Hillsborough, another small town, has a terrific library. Housed in a new but old-appearing Greek Revival building, it has lots of books, helpful librarians and many computers for the public. I think they would draw the line at babysitting, but everyone has always been friendly, and as I said, helpful.

When I asked the librarian downstairs if she knew an Aiden Mann, she pointed at the nearby stairs.

“The Professor. He’s up there at a table way in the back,” she said, gesturing toward the rear of the library. “You can’t miss him. He’s the one who looks like he’s camping out.”

I walked up the broad staircase and was distracted by the Recent Novels display. Since I review thrillers professionally, I seldom have time to read for pleasure. I scanned the books on the shelves and though tempted to stop and leaf through a few of the recent bestsellers, I moved on. I was here on a mission.

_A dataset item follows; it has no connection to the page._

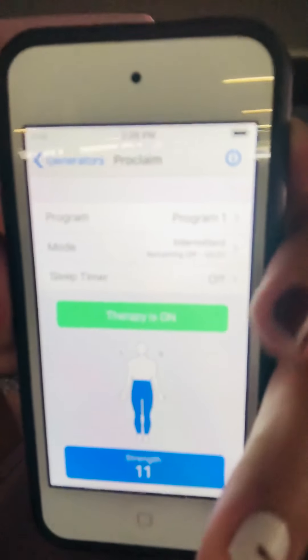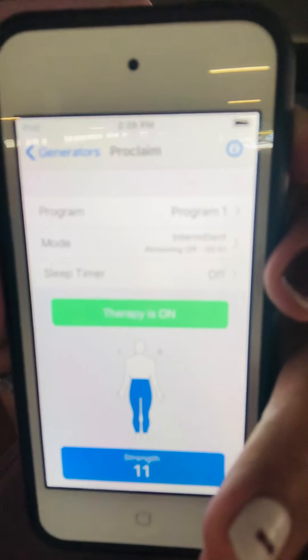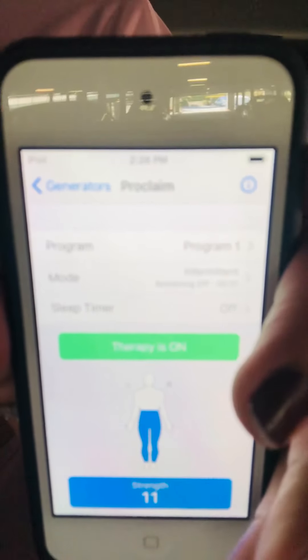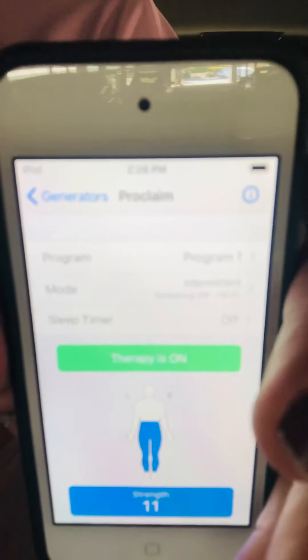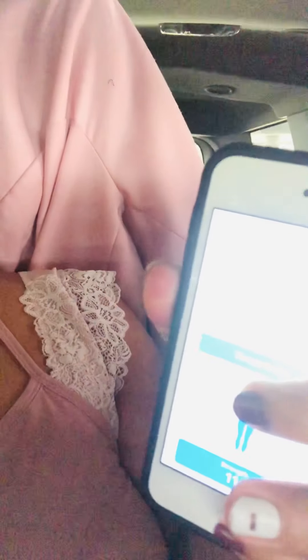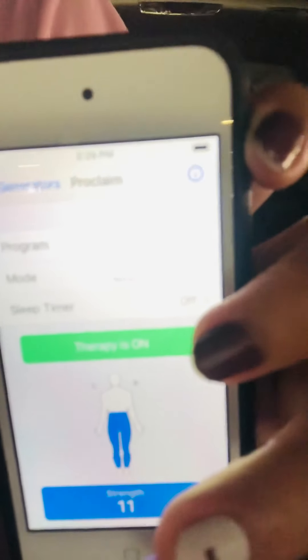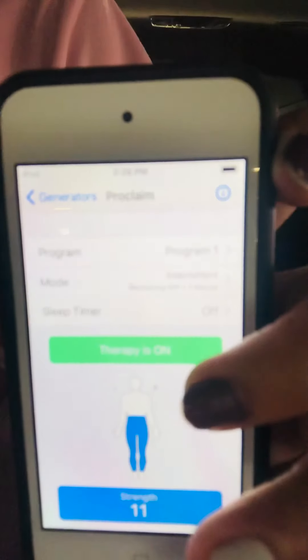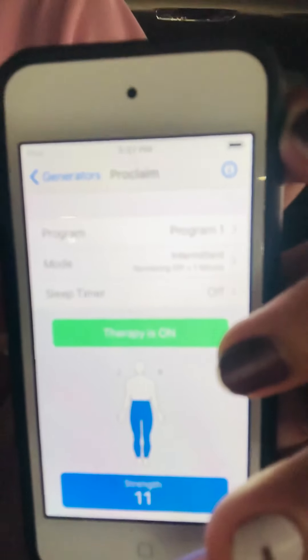Once paired, you'll see the strength display at the bottom. The blue highlighted area represents from the waist down, which is where my pain is. If your pain is in the upper area, the lead is placed at the back upper part, but the therapy still covers from the waist down because that's where my pain is.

There were six or seven tables with computers and patrons, but no one who looked like he was camping out. I followed the downstairs librarian’s directions and walked straight back to the rear of the room through ranks of bookcases housing the nonfiction collection. There, at a table that would seat at least eight, was a grey-haired, ruddy complexioned man who could only be the professor. He was seated at the head of the table behind a laptop computer and surrounded by open packs and briefcases that held reams of paper, blue notebooks, snacks of all sorts and bottles of water. He was wearing a blue Duke t-shirt. He looked up over a pair of bright red reading glasses and raised his eyebrows. He was a smallish man, about my size or a little slighter, meaning he wasn’t portly as I tend to be.

“Rafe sent me,” I said, sounding like I had just knocked on the door of a speakeasy and uttered the secret password.

“Aiden,” he said, holding up his hand. We shook. He pushed away a pile of books on the table to his left and gestured to the seat. I sat down. There were several younger people at the far end of the table, but they were working on their computers and didn’t look up.

“You can speak in a normal tone,” he said. “They can’t hear us up front. That’s why they stuck me back here.”

I nodded and sat for a minute trying to decide what I was going to say. I certainly wasn’t going to mention any poltergeists or paranormal activity.

“I live in a house on West Orange. I’ve been researching its history and Rafe said you might have some information about it.”

“What years are you interested in?”

“Probably 1850 to 1857. Maybe before. Up to the Civil War. It’s called the Daisy Lynch house.” Aiden nodded.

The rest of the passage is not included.